Comment Covid-19 functionne comme pauze pour revoir la gastronomie mondiale
En Italie, le secteur de l'hôtellerie et de la restauration sur le pied de guerre a été reporté au 1er juin avec l'entrée en vigueur du dernier Dpcm sur la gestion de la phase 2, non seulement en raison de la date de réouverture, mais aussi à cause de l'incertitude et de l'absence presque totale de soutien économique et juridique adéquat.
Des problèmes que des milliers - voire des millions - de restaurateurs du monde entier connaissent ou connaîtront, qui voient la terre sous leurs pieds manquer. Des restaurateurs également qui connaissent d'autres besoins, des situations plus ou moins urgentes, qui conduisent à des réflexions profondes sur le rôle de la gastronomie à la lumière des défis d'aujourd'hui, mais aussi sur les formes qu'elle peut et doit prendre demain, lorsque l'urgence de Covid-19 sera passée.
Ces thèmes ont été au cœur de la conférence en ligne "Comment la gastronomie relève-t-elle le défi du virus Corona", organisée par le Centre culinaire basque, l'un des principaux centres de formation, de recherche et d'innovation pour le développement du secteur de la gastronomie dans le monde, fondé à Saint-Sébastien en 2009.
Autour de la table - virtuellement - un panel de chefs et de protagonistes de la gastronomie du monde entier, de l'Espagne au Venezuela, de la Grande-Bretagne au Brésil, au Ghana, suivi par près d'un millier de journalistes du secteur. 
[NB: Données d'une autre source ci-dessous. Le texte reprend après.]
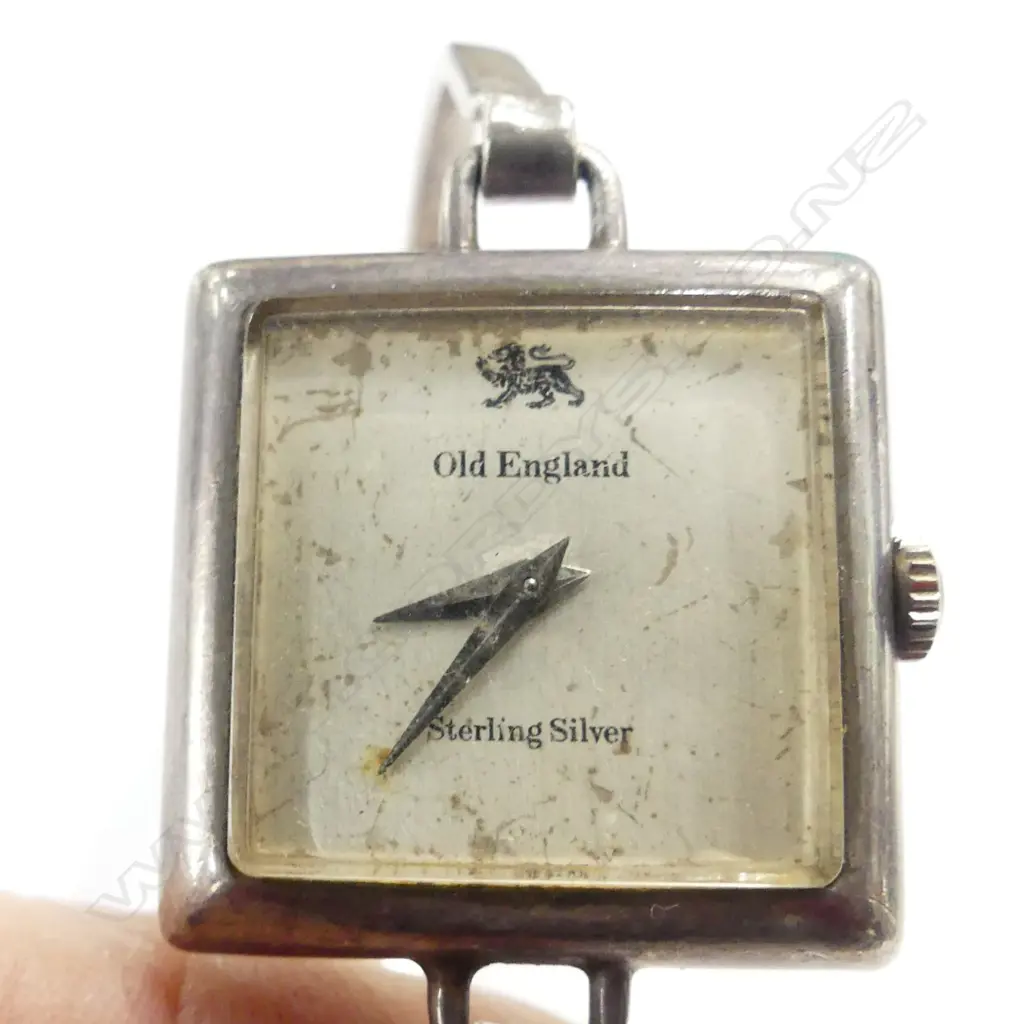 SILVER WRISTWATCH Image 1++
Deux d'entre eux sont finalement les grands thèmes qui ont émergé : le premier concerne l'actualité et donc la course à la solidarité, en utilisant les connaissances et l'énergie pour donner un repas chaud à ceux qui en ont besoin.
Un sujet qui est tout sauf anodin, car l'urgence sanitaire a également transformé les villes occidentales en "zones de guerre", et dans les pays les plus pauvres, où la crise contribue à des ralentissements économiques structurels et à des systèmes politiques antidémocratiques, celui des chefs est devenu une véritable mission.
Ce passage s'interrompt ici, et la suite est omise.